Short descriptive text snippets
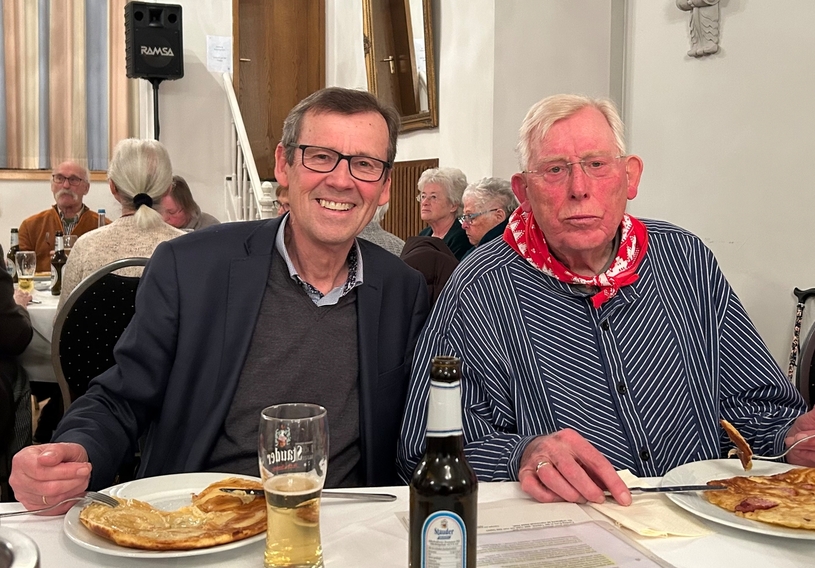 Heinz Enxing (rechts), der Ehrenvorsitzende des Vereins für Orts- und Heimatkunde und Dietrich Pollmann als Vorsitzender lassen sich die Pfannkuchen schmecken.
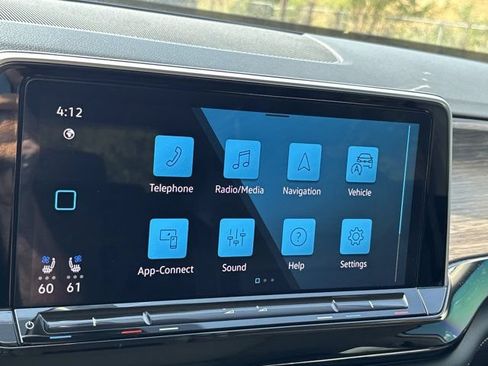 Used 2024 Volkswagen Atlas SEL AWD/4WD image 33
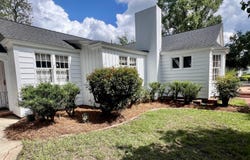 200 N Lemacks Street, Walterboro, SC 29488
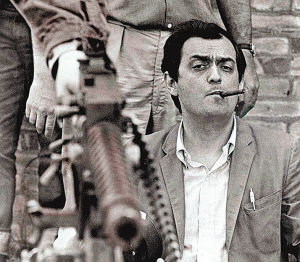 　1969年，40岁的库布里克说服华纳电影公司买下英国作家安东尼·伯吉斯的小说《发条橙》的电影改编权，着手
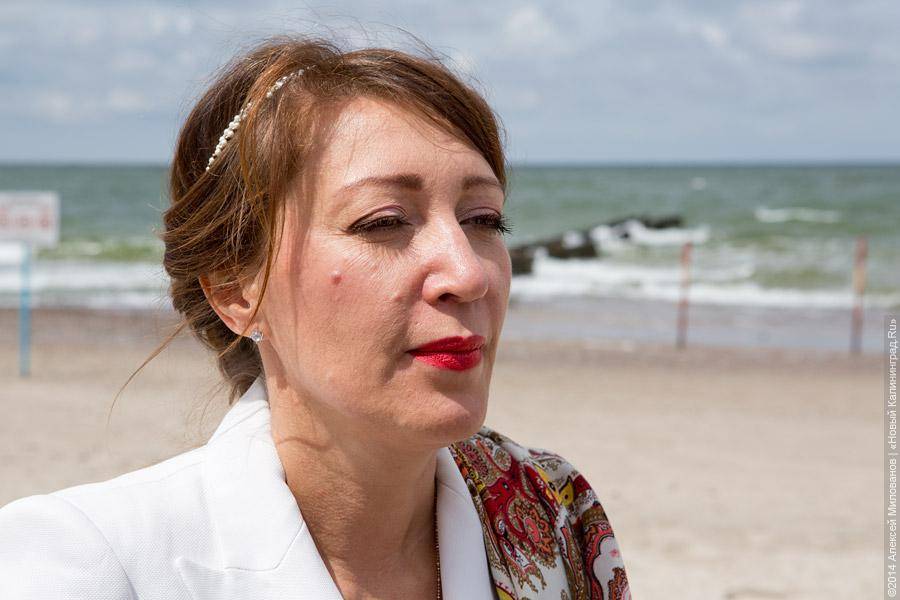 Машина «по потребности»: польский агрегат начал чистить песок на пляже Зеленоградска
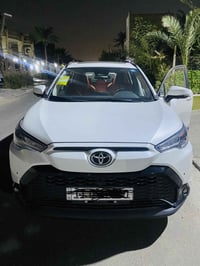 سيارة فوردلندر موديل ٢٠٢٥ فول مواصفات داخل احمر مكفوله ماشيه١٥ مكان بغ...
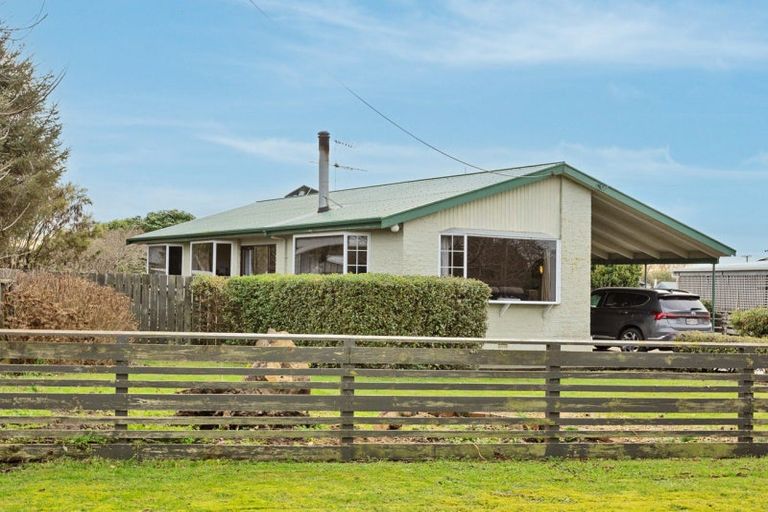 Photo of property in 41 Kirkbride Street, Wallacetown, 9816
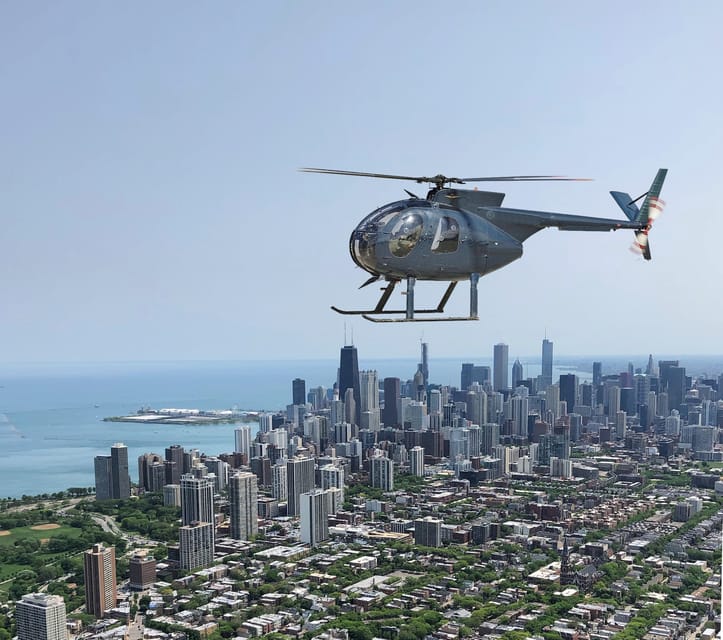 Chicago: 45-Minute Private Helicopter Flight for 1-3 People – Chicago, Illinois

● **PROBLEM**:
No pictures belong in the output. It should reproduce exactly the lines from the one containing "на пляже Зеленоградска" through the end of the data, both ends included.

● **ANSWER BELOW**:
 Машина «по потребности»: польский агрегат начал чистить песок на пляже Зеленоградска
 سيارة فوردلندر موديل ٢٠٢٥ فول مواصفات داخل احمر مكفوله ماشيه١٥ مكان بغ...
 Photo of property in 41 Kirkbride Street, Wallacetown, 9816
 Chicago: 45-Minute Private Helicopter Flight for 1-3 People – Chicago, Illinois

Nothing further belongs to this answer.